Le paradoxe réside bien dans la démarche qui consiste à dire extra-judiciaire ce que certains juristes ne veulent pas laisser leur échapper, comme si une relation devenue conflictuelle et potentiellement judiciarisable appartenait au monde du droit.

L’argument financier de moindres dépenses n’est certainement pas un argument pertinent : ça se saurait si les parties étaient plus intéressées par le fait de ne pas dépenser que par la motivation émotionnelle de donner une leçon à l’autre en même temps que de l’entraîner dans une procédure coûteuse. C’est donc sur ce qui motive qu’il convient de travailler et ce qui motive est la confusion pascalienne : la raison du coeur, l’exercice du plus malin ou du plus fort, ce qui fait bouger, se mouvoir, l’émotion…

Pour les petits entrepreneurs qui font appel à l’entremise d’un tiers moralisateur, les autorités religieuses, c’est bien le témoignage de leurs aspirations à trouver un accord.
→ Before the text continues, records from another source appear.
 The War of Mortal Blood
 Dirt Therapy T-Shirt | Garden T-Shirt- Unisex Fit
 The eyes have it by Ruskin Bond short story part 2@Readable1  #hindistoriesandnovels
L’absence d’efficacité de cette pratique n’entame en rien la recherche des parties, elle pointe seulement ce qui est déjà fait par ailleurs, le besoin de méthodes, de processus de ceux qui veulent exercer en médiation. Ainsi, dans tous les cas, la médiation ne doit pas être conçue comme un moyen au service de l’appareil judiciaire, ni dépendant de lui, mais un moyen au service des citoyens, relevant de la société civile.
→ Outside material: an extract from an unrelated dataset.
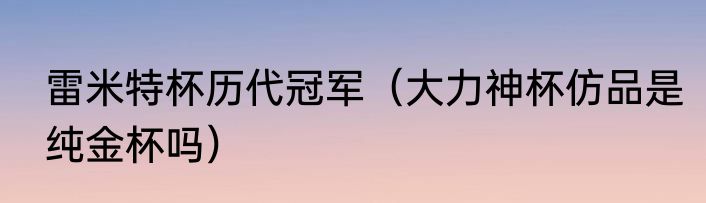 雷米特杯历代冠军（大力神杯仿品是纯金杯吗）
Le manque d'imagination conduit l'université saint-joseph à surfer sur le partenariat de l'école catholique en reprenant des mots clés de l'EPMN et de la CPMN
Le manque d’imagination conduit l’université saint-joseph à surfer sur le partenariat de l’école catholique en reprenant des mots clés de l’EPMN et de la CPMN

L’imitation n’est pas non plus un instrument de garantie de compétences, au contraire

Enfin, j’ai remarqué le langage tenu par le centre catholique libanais, à Beyrouth, qui anime cette conférence et il m’a été déjà désagréable de devoir intervenir auprès de lui pour lui demander de cesser d’utiliser le référentiel de l’EPMN et de la CPMN. Le fait de l’utiliser ne lui donne pas les compétences et les exigences que nous affirmons, notamment la laïcité qui lui échappe.
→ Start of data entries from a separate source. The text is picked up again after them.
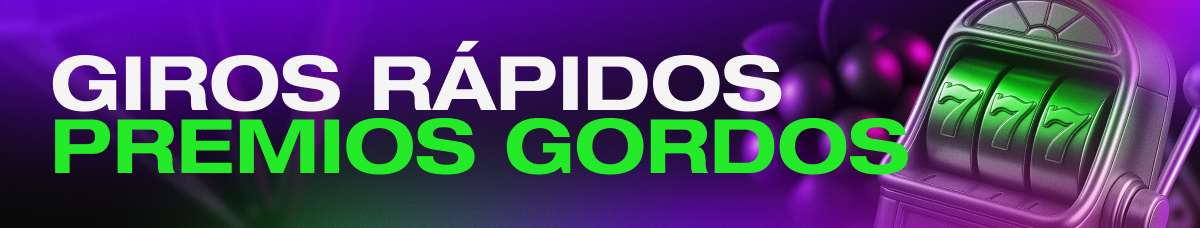 GIROS RÁPIDOS. PREMIOS GORDOS.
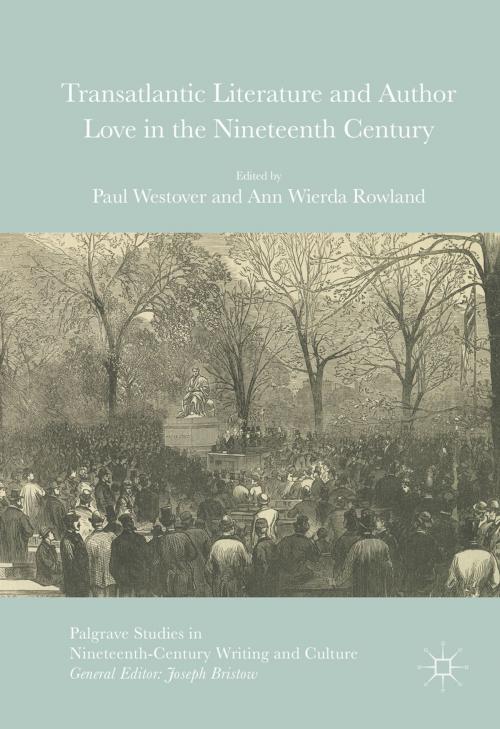 Cover of the book Transatlantic Literature and Author Love in the Nineteenth Century by , Springer International Publishing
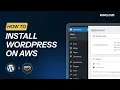 How to Install WordPress on AWS Step-by-Step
Ainsi, pour terminer, rassurez-vous, ce n’est pas qu’au Liban que cette forme de médiation a du mal à s’imposer. L’alternative se fait avec la médiation professionnelle qui offre un véritable moyen pour permettre aux parties d’un différend de s’en sortir. En tant que discipline, elle apporte les fondamentaux de la qualité relationnelle qui peuvent être dispensés dans les formations initiales et les formations continues.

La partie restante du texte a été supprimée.